Но его непреклонность каким-то образом преобразовалась во влечение, и он сделал шаг к мисс Абигейл. Она тоже робко шагнула навстречу, потом еще раз, и Джесси уже мог различить, как вздымаются ее груди.
– Все равно лучше, если в мой первый и единственный раз это будете вы, Джесси... вы такой опытный.
Ее слова были мягкими, с придыханием, и на руках Джесси появились мурашки. Они стояли так близко, что тень от Джесси падала теперь на ее поднятое лицо. Они застыли в напряжении. В комнате слышался лишь шепот занавесок в ночном ветерке. Ноздри Джесси раздувались, он все крепче и крепче прижимал к телу простыню. Он думал о завтрашнем дне и понимал, что Эбби понятия не имеет, что Дэвид Мелчер вернется в город. Он должен был сказать ей об этом, и она послушно убежала бы наверх. Но мысль о том, чтобы оставить ее Милчеру наполнила его нестерпимой ревностью. Он мог взять ее сейчас, но как же она возненавидит его потом, когда узнает, что он все время знал о возвращении Мелчера.

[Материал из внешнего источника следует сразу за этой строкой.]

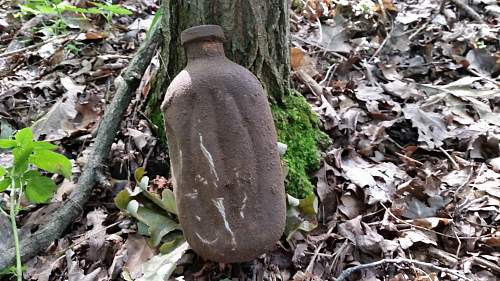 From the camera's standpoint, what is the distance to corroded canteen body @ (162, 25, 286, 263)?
5.26ft

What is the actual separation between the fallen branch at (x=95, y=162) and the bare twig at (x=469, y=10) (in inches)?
93.5

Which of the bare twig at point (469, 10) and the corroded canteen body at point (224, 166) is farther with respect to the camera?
the bare twig at point (469, 10)

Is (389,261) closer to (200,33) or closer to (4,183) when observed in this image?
(200,33)

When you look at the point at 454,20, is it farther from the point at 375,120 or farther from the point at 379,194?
the point at 379,194

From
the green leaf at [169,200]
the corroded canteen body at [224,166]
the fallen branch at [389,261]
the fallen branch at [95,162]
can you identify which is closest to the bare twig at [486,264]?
the fallen branch at [389,261]

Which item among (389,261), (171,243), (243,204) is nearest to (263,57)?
(243,204)

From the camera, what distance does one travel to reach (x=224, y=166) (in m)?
1.62

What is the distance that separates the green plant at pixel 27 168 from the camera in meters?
1.73

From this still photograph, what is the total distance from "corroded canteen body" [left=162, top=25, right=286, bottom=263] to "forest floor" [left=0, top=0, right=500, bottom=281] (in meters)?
0.23

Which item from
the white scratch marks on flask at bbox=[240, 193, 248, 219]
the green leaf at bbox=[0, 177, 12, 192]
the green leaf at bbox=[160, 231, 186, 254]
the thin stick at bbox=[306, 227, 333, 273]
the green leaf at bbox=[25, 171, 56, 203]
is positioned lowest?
the thin stick at bbox=[306, 227, 333, 273]

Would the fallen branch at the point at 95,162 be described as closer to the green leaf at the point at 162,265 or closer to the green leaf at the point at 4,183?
the green leaf at the point at 4,183

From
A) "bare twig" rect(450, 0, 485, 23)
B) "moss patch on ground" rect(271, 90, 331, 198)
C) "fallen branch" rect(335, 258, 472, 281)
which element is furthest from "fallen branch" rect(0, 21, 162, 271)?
"bare twig" rect(450, 0, 485, 23)

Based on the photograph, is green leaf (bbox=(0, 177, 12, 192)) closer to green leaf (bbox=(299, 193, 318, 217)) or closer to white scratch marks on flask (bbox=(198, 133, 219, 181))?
white scratch marks on flask (bbox=(198, 133, 219, 181))

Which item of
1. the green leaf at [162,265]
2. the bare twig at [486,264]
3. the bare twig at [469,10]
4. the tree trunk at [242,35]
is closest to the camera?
the green leaf at [162,265] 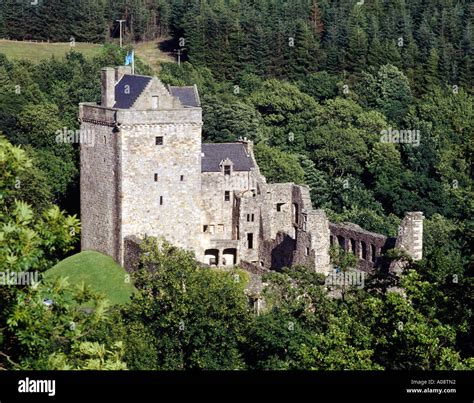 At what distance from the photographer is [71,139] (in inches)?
2936

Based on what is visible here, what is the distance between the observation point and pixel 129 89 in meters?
59.4

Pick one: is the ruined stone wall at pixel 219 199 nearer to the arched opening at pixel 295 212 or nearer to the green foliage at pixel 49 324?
the arched opening at pixel 295 212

Джесси был уверен, она не подозревала, что он мог сделать с ней. И вот она стояла, умоляя его сделать то, о чем не ведала, – крошечная, маленькая колибри Эбби, которая спасла ему жизнь, вызвав на бой смерть. А за это она просила от него только одно, то, что он сам так сильно хотел дать, что даже ощущал физическую боль. Она стояла всего в четырех футах от него, ему оставалось сделать лишь один шаг. Джесси стоял не двигаясь, борясь с желанием, ощущая аромат роз, исходящий от Абигейл, и все больше терял от нее голову.
– Эбби, – с напряжением выдавил он из себя имя, застревавшее где-то в горле, – ты такая маленькая.
И простыня заколыхалась, словно струящееся молоко, когда Джесси наклонился вперед, чтобы прошептать в ухо Эбби:
– Не возненавидь меня, Эбби, пообещай мне, что не будешь меня ненавидеть.
Воздух от его хриплых слов пошевелил волосы возле уха Эбби. Ее сердце выскакивало из груди. Мускулистая рука протянулась сквозь поток лунного света и сомкнулась на руке Абигейл.
Ее губы приоткрылись. Она подняла лицо, и ее нос уткнулся в упругое плечо Джесси. От его кожи исходил запах ночного тепла, сна, и чуть-чуть сырости, но это не было неприятно. Абигейл, колеблясь, подняла руку и дотронулась кончиками пальцев до него. Джесси был крепким и теплым, а Эбби чувствовала себя неуверенно. Джесси замер, его дыхание ударяло в ухо Абигейл. Она гадала, что же он будет с ней делать. Она знала очень мало, только то, что если целоваться так, как они целовались во дворе, ее тело словно превращалось в трепещущее желе. Поэтому она подняла губы, приблизив их к губам Джесси и попросила:
– Поцелуйте меня, Джесси, так, как вы сделали это во дворе.
Он больно сжал ее руку.
– О Боже, Эбби, – застонал он, и простыня соскользнула вниз. Он обнял Абигейл и прижал к сердцу, бешено стучащему в его груди. Лицом он зарылся в волосы Эбби, сознавая, что не должен делать этого, но не имея сил больше противиться самому себе.